WHAT NEEDS TO BE DONE — Take the lines from the beginning of the data below through the line holding "For Sale: $215,000" and return exactly those.

[Dataset entries]
..............................
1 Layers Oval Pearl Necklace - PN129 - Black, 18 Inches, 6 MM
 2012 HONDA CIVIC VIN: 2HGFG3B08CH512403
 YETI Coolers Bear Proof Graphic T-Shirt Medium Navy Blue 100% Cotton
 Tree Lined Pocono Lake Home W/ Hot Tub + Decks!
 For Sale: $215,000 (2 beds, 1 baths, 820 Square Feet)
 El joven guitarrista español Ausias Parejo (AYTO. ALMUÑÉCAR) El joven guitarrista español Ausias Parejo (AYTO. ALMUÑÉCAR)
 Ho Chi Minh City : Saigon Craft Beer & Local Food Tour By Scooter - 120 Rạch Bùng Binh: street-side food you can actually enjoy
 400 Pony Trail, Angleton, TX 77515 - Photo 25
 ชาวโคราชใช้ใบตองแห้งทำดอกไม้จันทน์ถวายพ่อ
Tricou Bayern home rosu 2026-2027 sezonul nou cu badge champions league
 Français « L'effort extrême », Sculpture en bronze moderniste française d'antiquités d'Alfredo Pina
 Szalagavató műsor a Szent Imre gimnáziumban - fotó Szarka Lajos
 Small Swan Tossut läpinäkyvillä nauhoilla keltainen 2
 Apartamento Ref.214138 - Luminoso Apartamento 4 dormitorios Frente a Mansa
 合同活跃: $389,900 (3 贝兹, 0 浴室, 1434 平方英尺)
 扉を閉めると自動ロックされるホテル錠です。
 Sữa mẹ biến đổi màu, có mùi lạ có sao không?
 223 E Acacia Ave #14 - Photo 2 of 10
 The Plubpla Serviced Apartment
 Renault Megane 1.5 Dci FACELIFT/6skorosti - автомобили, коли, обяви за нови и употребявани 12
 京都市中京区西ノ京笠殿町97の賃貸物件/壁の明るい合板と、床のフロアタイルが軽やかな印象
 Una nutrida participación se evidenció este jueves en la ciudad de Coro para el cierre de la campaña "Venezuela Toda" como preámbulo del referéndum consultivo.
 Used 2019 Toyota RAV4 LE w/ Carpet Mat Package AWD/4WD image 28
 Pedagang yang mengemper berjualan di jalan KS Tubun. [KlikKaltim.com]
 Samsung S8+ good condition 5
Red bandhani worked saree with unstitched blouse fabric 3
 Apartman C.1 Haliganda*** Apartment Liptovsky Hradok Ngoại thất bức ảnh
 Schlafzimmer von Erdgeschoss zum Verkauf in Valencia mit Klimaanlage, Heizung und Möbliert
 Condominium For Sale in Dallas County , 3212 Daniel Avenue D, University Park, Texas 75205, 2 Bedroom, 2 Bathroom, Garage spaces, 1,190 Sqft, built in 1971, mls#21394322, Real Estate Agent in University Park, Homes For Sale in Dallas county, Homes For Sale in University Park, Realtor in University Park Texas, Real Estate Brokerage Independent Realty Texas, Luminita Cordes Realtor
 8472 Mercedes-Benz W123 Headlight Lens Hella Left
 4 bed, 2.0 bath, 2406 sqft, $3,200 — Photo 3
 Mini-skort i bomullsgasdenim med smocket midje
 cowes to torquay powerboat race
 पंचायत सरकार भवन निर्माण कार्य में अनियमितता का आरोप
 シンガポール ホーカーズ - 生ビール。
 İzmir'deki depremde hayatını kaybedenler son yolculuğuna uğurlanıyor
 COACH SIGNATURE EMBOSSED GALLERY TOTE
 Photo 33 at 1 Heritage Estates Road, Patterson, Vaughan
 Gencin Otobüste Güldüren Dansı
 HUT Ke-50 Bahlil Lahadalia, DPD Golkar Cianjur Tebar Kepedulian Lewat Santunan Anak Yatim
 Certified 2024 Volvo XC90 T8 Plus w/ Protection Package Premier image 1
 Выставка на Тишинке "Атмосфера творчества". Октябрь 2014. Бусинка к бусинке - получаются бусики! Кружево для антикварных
..............................
ANSWER TO THE EXERCISE —
1 Layers Oval Pearl Necklace - PN129 - Black, 18 Inches, 6 MM
 2012 HONDA CIVIC VIN: 2HGFG3B08CH512403
 YETI Coolers Bear Proof Graphic T-Shirt Medium Navy Blue 100% Cotton
 Tree Lined Pocono Lake Home W/ Hot Tub + Decks!
 For Sale: $215,000 (2 beds, 1 baths, 820 Square Feet)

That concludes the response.